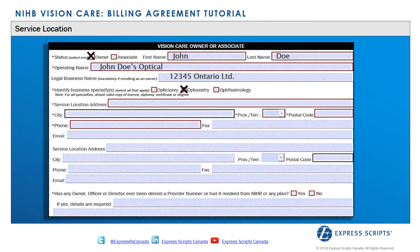The service location is the public business address where the services for NIHB clients will be provided. Providers must indicate at least one service location address — do not use the provider's personal mailing address here. An alternate address can be added by completing the alternate mailing address communication preference form.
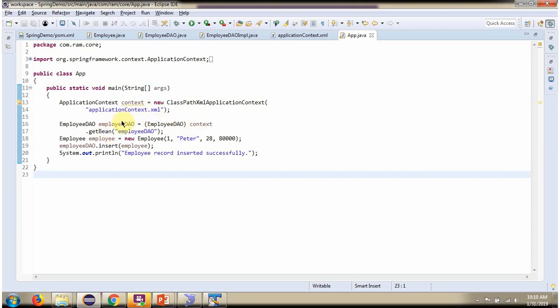Getting EmployeeDAO object from Spring container. Then I am creating Employee object. Then calling insert method of EmployeeDAO object and passing the Employee object. This method inserts one record in Employee table.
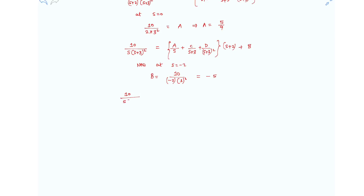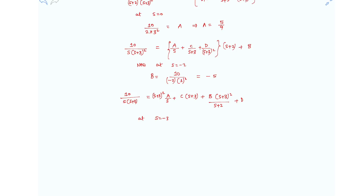Similarly, multiply both sides by (s+3)². The remaining left-hand side is 10 over s(s+2), and the terms involving A, C, B vanish at s equals minus 3, leaving only D. Substituting s=−3 gives D equals 10/3.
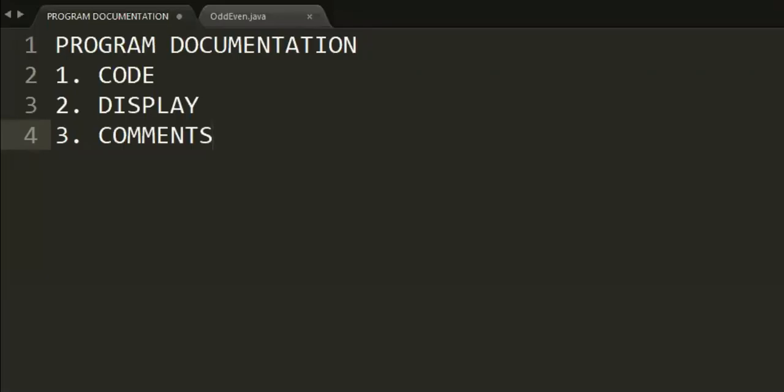Program documentation. Program documentation is a broad term, but in our case, we will define it using three elements: code, display, and comments.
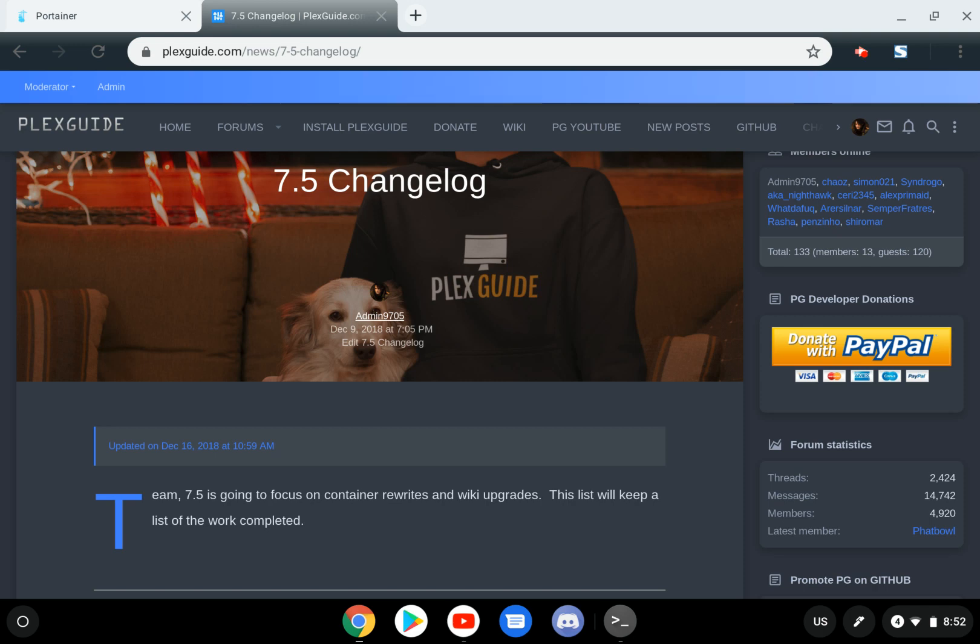Hey, how you doing? Hey, this is Admin from PlexGuide. So this is probably going to be a pretty short, easy video. In this one, we're just going to talk a little bit about NetData, what it does for you, and how it helps.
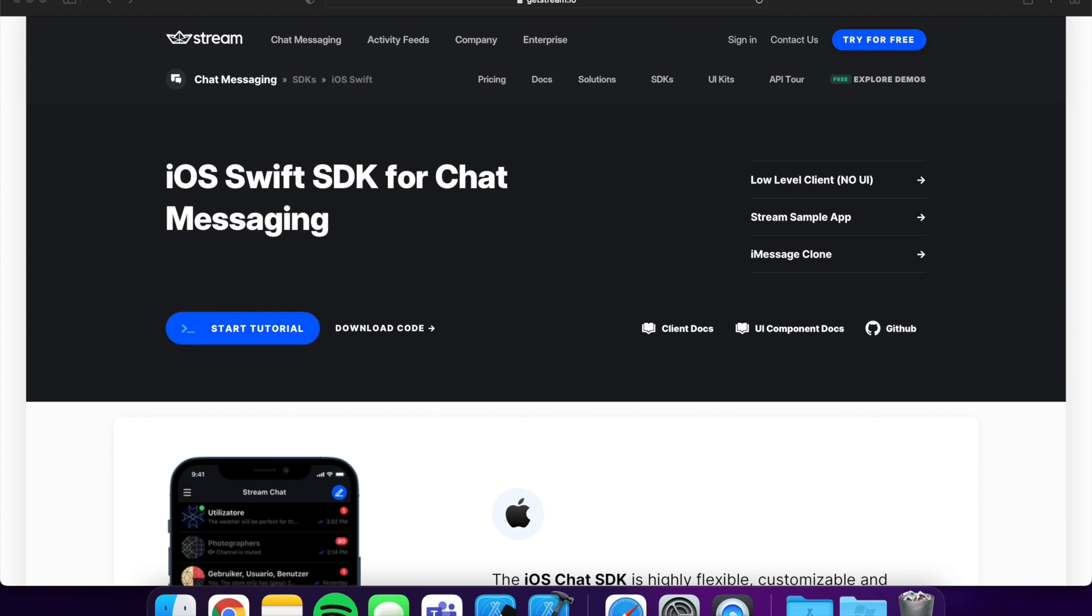This video is sponsored by Stream. Build high-quality, flexible chat experiences in your iOS app with the Stream SDK. Get started for free with the link in the description down below.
____
— Aim of the exercise —
With the images excluded, all entries are to be given again exactly.

— Reply to the task —
The service location is the public business address where the services for NIHB clients will be provided. Providers must indicate at least one service location address — do not use the provider's personal mailing address here. An alternate address can be added by completing the alternate mailing address communication preference form.
Getting EmployeeDAO object from Spring container. Then I am creating Employee object. Then calling insert method of EmployeeDAO object and passing the Employee object. This method inserts one record in Employee table.
Similarly, multiply both sides by (s+3)². The remaining left-hand side is 10 over s(s+2), and the terms involving A, C, B vanish at s equals minus 3, leaving only D. Substituting s=−3 gives D equals 10/3.
Program documentation. Program documentation is a broad term, but in our case, we will define it using three elements: code, display, and comments.
Hey, how you doing? Hey, this is Admin from PlexGuide. So this is probably going to be a pretty short, easy video. In this one, we're just going to talk a little bit about NetData, what it does for you, and how it helps.
This video is sponsored by Stream. Build high-quality, flexible chat experiences in your iOS app with the Stream SDK. Get started for free with the link in the description down below.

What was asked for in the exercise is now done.